** Supplied data **
= = =

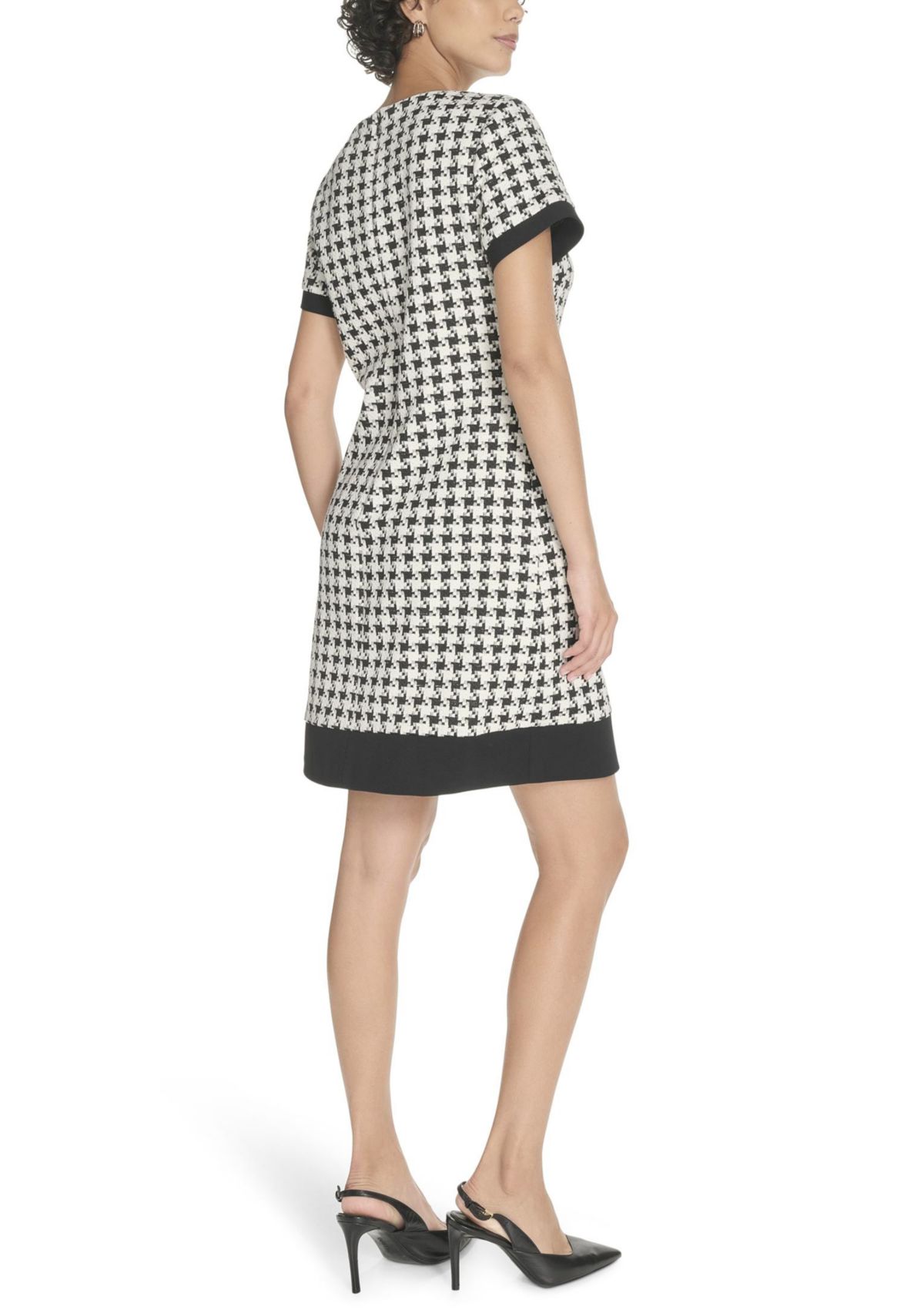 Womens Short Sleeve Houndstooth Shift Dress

= = =

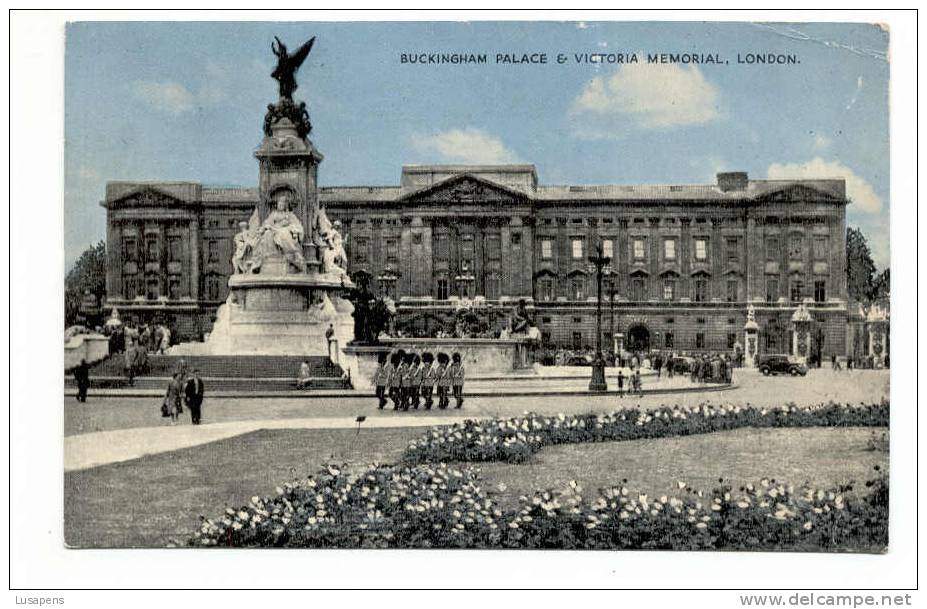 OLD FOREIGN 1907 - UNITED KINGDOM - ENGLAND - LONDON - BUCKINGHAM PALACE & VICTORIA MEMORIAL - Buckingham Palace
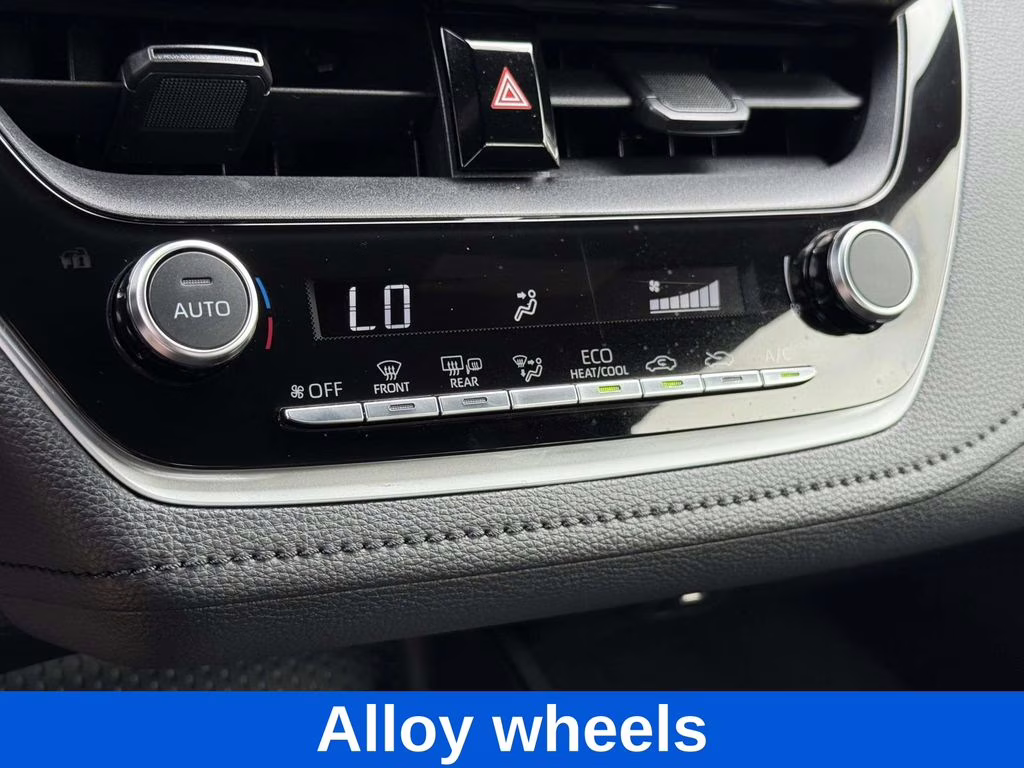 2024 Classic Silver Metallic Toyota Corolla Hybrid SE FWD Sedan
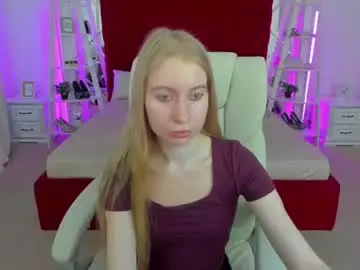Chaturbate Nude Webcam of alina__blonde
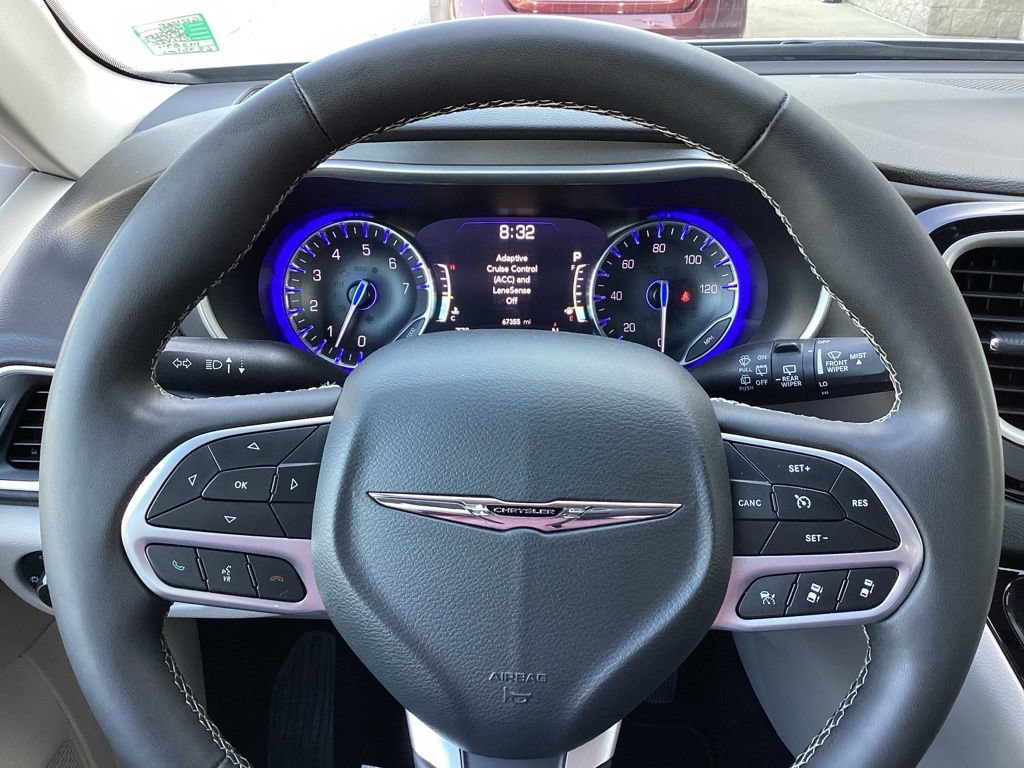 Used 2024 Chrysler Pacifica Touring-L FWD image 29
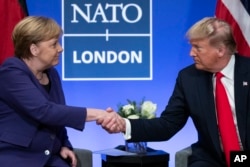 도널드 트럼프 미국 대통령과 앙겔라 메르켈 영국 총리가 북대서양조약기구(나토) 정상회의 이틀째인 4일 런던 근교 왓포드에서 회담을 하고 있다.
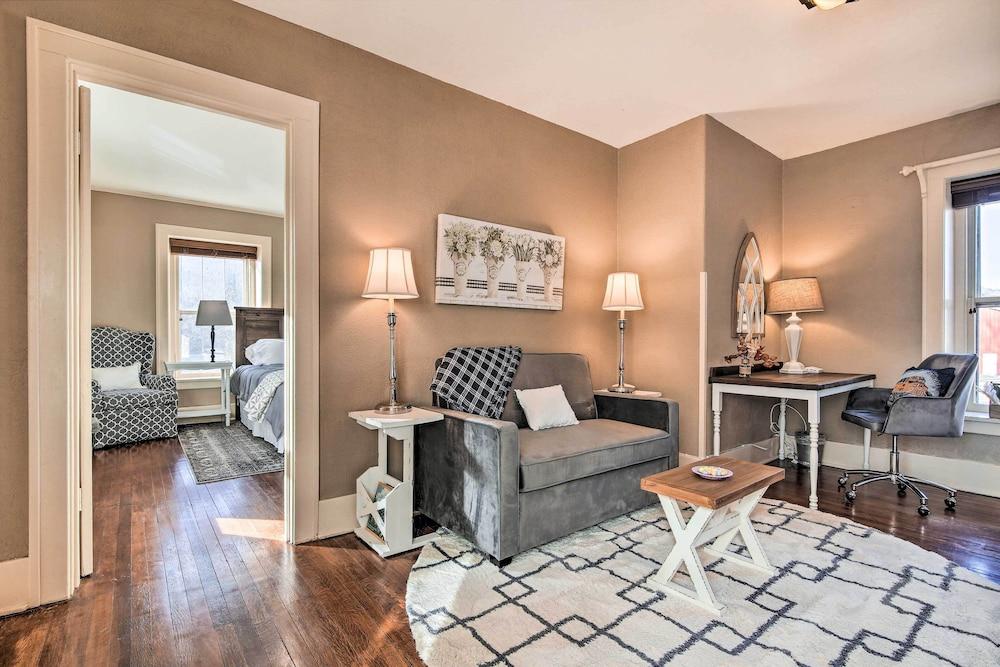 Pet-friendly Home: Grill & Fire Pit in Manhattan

= = =

** Your instructions **
Exact repeat of the material above: every line from the one with "도널드 트럼프 미국 대통령과" through the one with "Pet-friendly Home: Grill", endpoints included, and nothing more. No pictures.

** Output for this task **
 도널드 트럼프 미국 대통령과 앙겔라 메르켈 영국 총리가 북대서양조약기구(나토) 정상회의 이틀째인 4일 런던 근교 왓포드에서 회담을 하고 있다.
 Pet-friendly Home: Grill & Fire Pit in Manhattan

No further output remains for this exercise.